• _DATA RECORDS_:
○ ○ ○

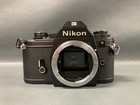 Vintage Nikon Em 35mm Slr Camera W 3 Lenses  Motor Drive  More  tested read 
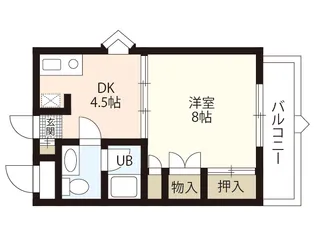 進保ビル【5階】の間取り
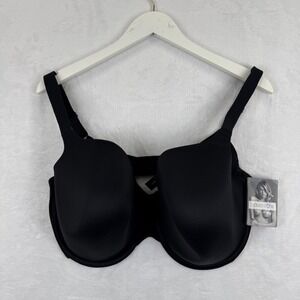 Dominique Womens Black T-Shirt Bra Underwire Full Coverage 44H New With Tags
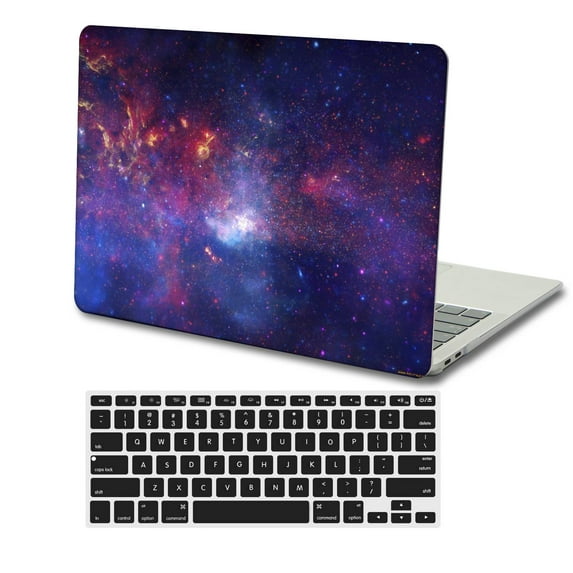 KSK KAISHEK Hard Protective Shell Case Cover for MacBook Pro 15"( Retina Display, 2019 2018 2017 2016) + Black Keyboard Cover Model A1990&A1707 Galaxy A 0735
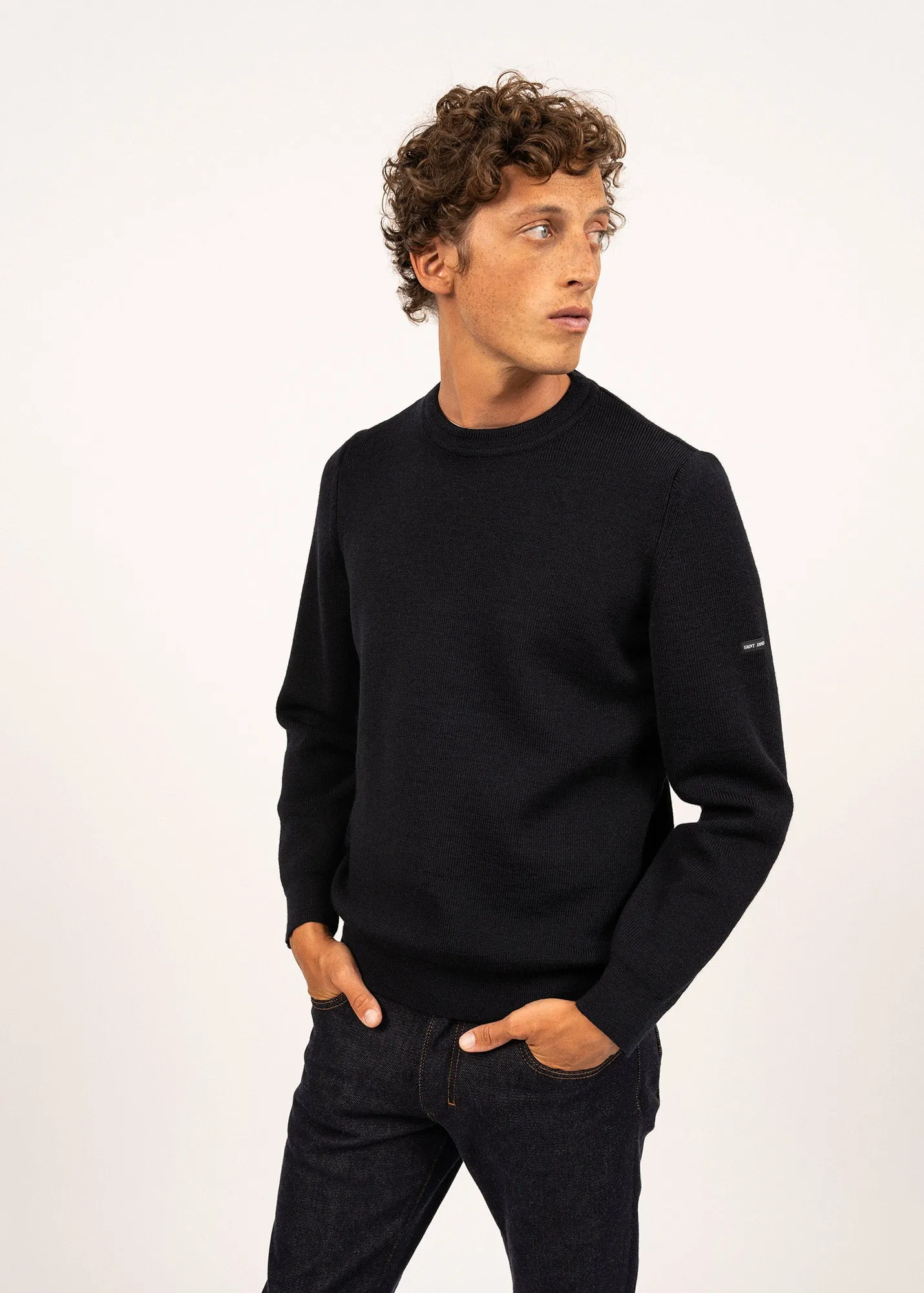 LOCRONAN III - Crew Neck Sweater for Men | Straight Fit  (NAVY)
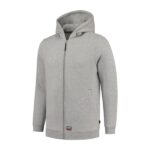Hanorac unisex - Hooded Sweat Jacket Washable 60°C T44 - grey melange - TRICORP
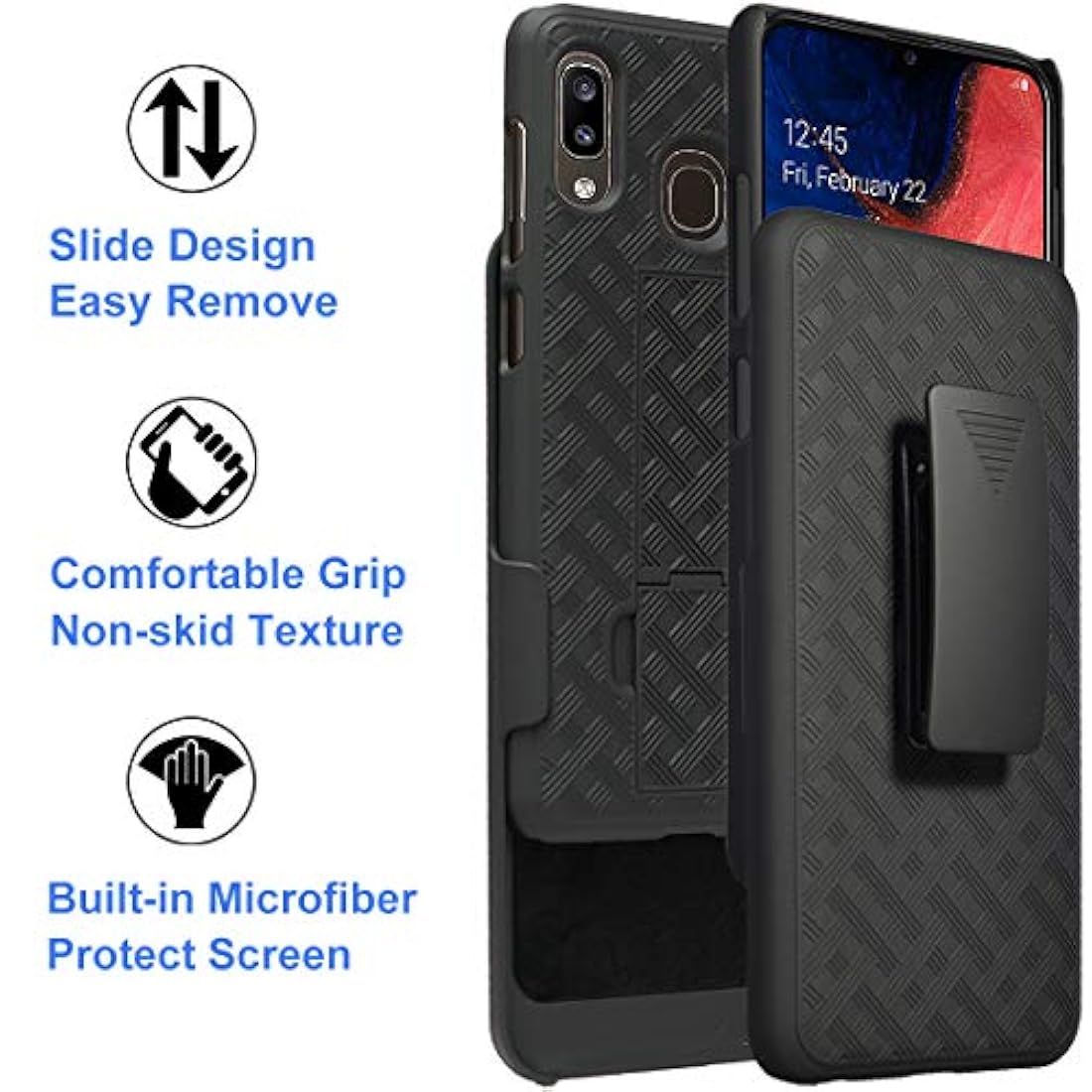 Ailiber Samsung Galaxy A20 Case with Screen Protector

○ ○ ○

• _WHAT THIS TASK INVOLVES_:
Beginning with the line containing "KSK KAISHEK Hard" and ending with the last line of the data, output those lines exactly and nothing more. Omit every picture.

• _RESULT OF THIS EXERCISE_:
 KSK KAISHEK Hard Protective Shell Case Cover for MacBook Pro 15"( Retina Display, 2019 2018 2017 2016) + Black Keyboard Cover Model A1990&A1707 Galaxy A 0735
 LOCRONAN III - Crew Neck Sweater for Men | Straight Fit  (NAVY)
Hanorac unisex - Hooded Sweat Jacket Washable 60°C T44 - grey melange - TRICORP
 Ailiber Samsung Galaxy A20 Case with Screen Protector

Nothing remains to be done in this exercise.